L’art d’entreprendre

Cependant, leur réussite parisienne ne s’est pourtant pas faite sans difficulté. À l’ouverture de Pristine, les travaux prennent du retard, l’été vide la capitale et aucun investisseur ne vient sécuriser le projet. « Nous avons ouverts un samedi soir avec à notre table uniquement des amis », se souvient le couple. « À l’époque, nous ne connaissions même pas les agences de presse. Comme nous venions d’une petite ville, personne ne savait que nous étions », déclare Michelle Primc

Puis les premiers articles tombent. Le restaurant se remplit rapidement. « Le staff n’était pas entièrement prêt pour ça mais c’était joyeux », précise le trentenaire.

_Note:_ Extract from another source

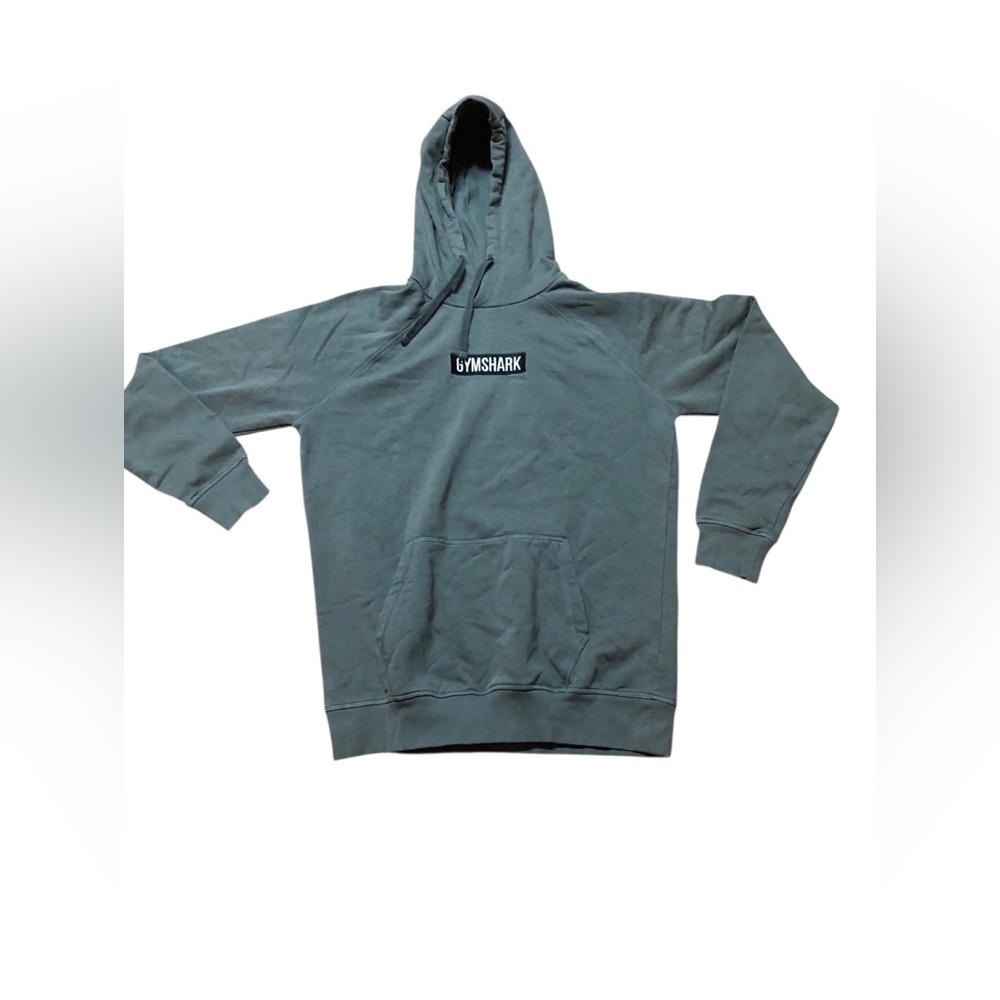 Gymshark Men's Teal Hoodie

Avec Vivide, leur seconde adresse, l’expérience change radicalement. Plus maîtrisée, plus rapide, plus structurée aussi. Le couple réalise une grande partie des travaux lui-même. « La plomberie, l’électricité… Nous avons fait les trois quarts ici », raconte Jérémy Grosdidier « Maintenant, je sais exactement où passe chaque les câble, personne ne peut nous la faire à l’envers », sourit ce dernier. Une manière aussi de reprendre le contrôle sur leur outil de travail et sur leurs coûts. Mais leur plus grande force réside certainement dans la complémentarité de leur duo. « Nous sommes complètement différents », explique Jérémy Grosdidier. Si Michelle Primc impulse l’énergie du service, l’accueil, l’organisation et le lien avec les équipes, lui se décrit volontiers comme « un moteur capable d’absorber le stress.»

Et la suite ? Certainement pas un troisième restaurant, assurent-ils en souriant. Mais peut-être l’exploration d’un tout autre univers : l’accompagnement des jeunes chefs dans leurs ouvertures. « On aimerait aider les chefs à comprendre tout ce qu’il faut savoir quand on ouvre un restaurant. Nous sommes passés par là, nous sommes persuadés que nous pouvons aider les autres afin qu’ils évitent certaines erreurs que nous avons pu faire par le passé », expliquent-ils.